Image to text, also known as image captioning, allows you to obtain descriptive text prompts based on uploaded or previously generated images. This process is instrumental in generating textual descriptions that can be used to create additional images or provide detailed insights into visual content.
Image to text requests must have the following format:
[
{
"taskType": "imageCaption",
"taskUUID": "f0a5574f-d653-47f1-ab42-e2c1631f1a47",
"inputImage": "5788104a-1ca7-4b7e-8a16-b27b57e86f87"
}
]| Parameter | Type | Description |
|---|---|---|
| taskType | string | Must be set to "imageCaption" for this operation. |
| taskUUID | UUIDv4 string | Unique identifier for the task, used to match async responses. |
| inputImage | UUIDv4 string | The UUID of the image to be analyzed.

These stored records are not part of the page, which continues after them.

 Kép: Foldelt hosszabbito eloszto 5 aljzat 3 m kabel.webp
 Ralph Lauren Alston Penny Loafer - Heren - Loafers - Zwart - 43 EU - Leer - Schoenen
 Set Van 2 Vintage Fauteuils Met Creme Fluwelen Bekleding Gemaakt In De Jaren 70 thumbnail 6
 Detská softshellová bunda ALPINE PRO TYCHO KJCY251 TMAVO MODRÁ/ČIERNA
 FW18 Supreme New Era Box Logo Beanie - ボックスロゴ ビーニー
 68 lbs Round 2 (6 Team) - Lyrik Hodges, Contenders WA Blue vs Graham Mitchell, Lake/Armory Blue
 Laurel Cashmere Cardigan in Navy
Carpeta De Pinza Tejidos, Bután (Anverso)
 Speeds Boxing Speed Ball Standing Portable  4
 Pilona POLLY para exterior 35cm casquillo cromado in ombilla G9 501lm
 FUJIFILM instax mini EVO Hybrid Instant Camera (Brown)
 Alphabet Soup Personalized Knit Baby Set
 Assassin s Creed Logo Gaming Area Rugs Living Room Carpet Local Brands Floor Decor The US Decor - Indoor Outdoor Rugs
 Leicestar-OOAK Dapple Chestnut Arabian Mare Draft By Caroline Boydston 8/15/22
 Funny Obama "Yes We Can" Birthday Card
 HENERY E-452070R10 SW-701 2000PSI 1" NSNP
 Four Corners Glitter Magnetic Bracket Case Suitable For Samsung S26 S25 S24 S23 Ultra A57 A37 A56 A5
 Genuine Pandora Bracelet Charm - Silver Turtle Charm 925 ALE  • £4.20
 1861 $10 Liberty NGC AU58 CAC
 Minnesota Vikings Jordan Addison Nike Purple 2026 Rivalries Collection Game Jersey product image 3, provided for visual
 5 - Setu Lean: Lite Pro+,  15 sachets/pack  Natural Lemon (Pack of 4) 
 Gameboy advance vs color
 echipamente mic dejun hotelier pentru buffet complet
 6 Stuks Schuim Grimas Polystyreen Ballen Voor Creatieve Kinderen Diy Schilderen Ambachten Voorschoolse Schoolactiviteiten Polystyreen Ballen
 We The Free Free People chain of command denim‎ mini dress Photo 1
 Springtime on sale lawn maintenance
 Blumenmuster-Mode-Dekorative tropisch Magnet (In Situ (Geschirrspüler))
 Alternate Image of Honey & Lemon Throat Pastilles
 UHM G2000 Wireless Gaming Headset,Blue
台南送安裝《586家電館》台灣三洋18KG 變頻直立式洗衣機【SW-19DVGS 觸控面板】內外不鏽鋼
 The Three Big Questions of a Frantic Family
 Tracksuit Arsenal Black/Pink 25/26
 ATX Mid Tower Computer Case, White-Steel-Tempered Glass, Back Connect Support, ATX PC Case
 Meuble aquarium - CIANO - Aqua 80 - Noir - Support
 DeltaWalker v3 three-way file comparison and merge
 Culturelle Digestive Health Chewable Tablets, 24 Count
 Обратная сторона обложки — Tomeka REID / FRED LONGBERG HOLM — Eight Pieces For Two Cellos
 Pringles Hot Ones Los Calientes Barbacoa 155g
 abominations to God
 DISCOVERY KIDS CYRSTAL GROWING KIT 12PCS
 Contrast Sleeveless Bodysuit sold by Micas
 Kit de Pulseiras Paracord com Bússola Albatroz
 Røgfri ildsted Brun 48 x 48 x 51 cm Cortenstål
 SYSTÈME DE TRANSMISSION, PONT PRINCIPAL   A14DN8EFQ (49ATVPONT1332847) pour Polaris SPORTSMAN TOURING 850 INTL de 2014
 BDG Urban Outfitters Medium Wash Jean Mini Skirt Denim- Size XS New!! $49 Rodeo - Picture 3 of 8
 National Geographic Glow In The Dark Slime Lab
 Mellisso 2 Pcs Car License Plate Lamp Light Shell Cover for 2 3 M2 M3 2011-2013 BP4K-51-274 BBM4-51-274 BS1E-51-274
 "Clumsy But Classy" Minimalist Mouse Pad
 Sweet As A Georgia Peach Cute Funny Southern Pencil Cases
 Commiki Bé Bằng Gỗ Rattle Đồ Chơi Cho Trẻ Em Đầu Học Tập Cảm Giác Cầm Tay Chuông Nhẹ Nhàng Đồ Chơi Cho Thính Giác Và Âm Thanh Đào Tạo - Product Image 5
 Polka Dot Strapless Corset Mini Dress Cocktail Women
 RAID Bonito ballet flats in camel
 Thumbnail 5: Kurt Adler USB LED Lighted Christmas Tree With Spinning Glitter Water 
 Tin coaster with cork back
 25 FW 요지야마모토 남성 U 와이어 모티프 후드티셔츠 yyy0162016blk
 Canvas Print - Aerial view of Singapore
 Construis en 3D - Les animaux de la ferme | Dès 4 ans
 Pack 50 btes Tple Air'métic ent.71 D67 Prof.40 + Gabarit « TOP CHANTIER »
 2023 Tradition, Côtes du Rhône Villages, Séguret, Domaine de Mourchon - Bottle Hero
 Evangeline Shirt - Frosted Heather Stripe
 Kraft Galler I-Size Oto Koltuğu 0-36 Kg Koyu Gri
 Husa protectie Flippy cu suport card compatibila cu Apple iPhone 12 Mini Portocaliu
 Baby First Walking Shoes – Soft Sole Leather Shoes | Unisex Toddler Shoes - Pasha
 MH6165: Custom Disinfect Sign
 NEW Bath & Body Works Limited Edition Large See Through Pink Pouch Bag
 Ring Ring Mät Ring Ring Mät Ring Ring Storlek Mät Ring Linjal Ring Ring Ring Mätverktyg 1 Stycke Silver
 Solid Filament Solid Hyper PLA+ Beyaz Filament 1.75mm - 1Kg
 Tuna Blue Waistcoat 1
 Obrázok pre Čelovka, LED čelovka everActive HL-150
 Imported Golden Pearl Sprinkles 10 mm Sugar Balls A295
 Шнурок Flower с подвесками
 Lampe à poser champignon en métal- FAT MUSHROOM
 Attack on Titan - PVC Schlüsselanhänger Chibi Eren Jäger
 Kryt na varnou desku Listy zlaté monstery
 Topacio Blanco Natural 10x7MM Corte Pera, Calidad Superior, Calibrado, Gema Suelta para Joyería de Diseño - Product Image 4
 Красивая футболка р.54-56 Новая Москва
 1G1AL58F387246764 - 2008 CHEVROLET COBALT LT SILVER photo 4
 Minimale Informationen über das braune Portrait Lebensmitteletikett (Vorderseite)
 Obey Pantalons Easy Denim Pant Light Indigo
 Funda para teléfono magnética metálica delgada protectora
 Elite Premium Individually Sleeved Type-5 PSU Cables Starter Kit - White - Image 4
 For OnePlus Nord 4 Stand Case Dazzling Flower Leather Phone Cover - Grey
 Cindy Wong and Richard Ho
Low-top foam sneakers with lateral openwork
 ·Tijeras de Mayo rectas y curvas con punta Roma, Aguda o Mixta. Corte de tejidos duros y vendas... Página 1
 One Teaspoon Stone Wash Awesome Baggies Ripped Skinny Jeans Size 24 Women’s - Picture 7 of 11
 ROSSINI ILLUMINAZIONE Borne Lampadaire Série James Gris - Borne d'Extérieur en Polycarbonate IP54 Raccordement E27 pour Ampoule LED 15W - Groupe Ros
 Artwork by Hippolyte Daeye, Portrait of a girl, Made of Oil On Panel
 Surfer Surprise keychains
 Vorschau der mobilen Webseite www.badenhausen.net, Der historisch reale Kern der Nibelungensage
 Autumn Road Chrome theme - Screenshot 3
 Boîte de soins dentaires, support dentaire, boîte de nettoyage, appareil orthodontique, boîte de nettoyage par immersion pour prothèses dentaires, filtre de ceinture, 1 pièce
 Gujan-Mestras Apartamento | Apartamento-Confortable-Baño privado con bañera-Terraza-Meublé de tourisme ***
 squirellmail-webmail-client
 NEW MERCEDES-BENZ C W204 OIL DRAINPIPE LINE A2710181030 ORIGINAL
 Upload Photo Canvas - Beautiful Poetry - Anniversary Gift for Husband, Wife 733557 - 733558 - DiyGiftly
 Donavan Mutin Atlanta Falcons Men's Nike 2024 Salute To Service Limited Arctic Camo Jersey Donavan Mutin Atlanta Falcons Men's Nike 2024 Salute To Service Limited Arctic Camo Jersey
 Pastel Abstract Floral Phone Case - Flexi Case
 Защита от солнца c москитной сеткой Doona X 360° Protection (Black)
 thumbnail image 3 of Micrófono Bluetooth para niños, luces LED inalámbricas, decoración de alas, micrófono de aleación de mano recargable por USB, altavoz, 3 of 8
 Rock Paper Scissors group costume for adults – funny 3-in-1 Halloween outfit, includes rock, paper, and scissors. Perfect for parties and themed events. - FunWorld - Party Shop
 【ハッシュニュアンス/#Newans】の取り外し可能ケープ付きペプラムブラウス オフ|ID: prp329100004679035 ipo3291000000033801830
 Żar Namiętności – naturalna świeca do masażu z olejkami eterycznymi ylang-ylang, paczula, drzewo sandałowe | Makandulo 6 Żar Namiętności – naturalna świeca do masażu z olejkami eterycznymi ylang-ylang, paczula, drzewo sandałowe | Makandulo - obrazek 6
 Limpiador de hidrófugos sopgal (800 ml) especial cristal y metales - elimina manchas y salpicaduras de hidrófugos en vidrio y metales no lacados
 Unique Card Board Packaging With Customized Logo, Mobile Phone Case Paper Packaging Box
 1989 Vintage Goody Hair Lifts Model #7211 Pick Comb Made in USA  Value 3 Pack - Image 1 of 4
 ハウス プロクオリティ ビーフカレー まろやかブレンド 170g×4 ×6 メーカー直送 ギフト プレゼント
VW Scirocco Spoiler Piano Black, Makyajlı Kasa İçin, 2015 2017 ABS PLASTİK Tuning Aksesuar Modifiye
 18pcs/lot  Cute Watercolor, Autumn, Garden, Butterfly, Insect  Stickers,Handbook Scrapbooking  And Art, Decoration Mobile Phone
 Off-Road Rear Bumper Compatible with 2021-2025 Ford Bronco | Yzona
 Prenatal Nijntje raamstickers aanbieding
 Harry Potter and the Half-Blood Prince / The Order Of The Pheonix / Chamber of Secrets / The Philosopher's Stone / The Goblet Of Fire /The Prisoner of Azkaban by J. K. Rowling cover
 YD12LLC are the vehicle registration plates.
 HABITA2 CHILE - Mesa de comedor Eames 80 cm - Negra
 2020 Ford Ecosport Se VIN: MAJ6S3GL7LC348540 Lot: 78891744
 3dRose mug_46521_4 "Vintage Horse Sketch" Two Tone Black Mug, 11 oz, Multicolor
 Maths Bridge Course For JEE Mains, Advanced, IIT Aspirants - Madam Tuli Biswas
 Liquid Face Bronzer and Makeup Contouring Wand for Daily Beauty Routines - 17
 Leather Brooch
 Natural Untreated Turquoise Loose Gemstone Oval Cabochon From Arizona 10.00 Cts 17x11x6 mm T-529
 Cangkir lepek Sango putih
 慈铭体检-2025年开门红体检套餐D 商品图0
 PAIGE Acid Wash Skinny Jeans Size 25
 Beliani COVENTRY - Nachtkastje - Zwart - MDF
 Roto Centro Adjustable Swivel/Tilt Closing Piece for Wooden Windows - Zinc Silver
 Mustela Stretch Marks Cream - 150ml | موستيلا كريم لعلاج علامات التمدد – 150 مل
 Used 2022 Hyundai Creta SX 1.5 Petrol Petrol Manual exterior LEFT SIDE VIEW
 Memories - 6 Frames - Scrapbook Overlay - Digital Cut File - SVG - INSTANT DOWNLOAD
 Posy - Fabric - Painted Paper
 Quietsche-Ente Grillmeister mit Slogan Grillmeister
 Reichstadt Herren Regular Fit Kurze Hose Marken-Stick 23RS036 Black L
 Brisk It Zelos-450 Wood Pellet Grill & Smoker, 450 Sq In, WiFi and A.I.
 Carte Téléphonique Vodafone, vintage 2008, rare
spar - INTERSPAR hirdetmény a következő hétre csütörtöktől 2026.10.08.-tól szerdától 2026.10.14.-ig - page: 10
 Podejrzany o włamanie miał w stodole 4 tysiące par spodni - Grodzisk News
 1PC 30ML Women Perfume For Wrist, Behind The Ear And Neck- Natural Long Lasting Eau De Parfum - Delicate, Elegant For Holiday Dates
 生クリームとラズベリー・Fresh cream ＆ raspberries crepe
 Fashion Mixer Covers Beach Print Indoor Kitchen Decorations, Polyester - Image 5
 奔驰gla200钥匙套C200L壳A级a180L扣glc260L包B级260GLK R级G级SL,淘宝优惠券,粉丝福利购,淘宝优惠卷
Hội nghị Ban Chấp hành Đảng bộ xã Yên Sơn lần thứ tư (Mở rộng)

Can be from an uploaded or generated image. |
| includeCost | boolean | Optional. If set to true, the response will include the cost of the operation. |
Results will be delivered in the following format:
{
"data": [
{
"taskType": "imageCaption",
"taskUUID": "f0a5574f-d653-47f1-ab42-e2c1631f1a47",
"text": "arafed troll in the jungle with a backpack and a stick, cgi animation, cinematic movie image, gremlin, pixie character, nvidia promotional image, park background, with lots of scumbling, hollywood promotional image, on island, chesley, green fog, post-nuclear",
"cost": 0
}
]
}| Parameter | Type | Description |
|---|---|---|
| taskType | string | The type of task, in this case "imageCaption". |
| taskUUID | UUIDv4 string | The unique identifier matching the original request. |
| text | string | The resulting text prompt from analyzing the image. |
| cost | number | The cost of the operation (included if includeCost was set to true). |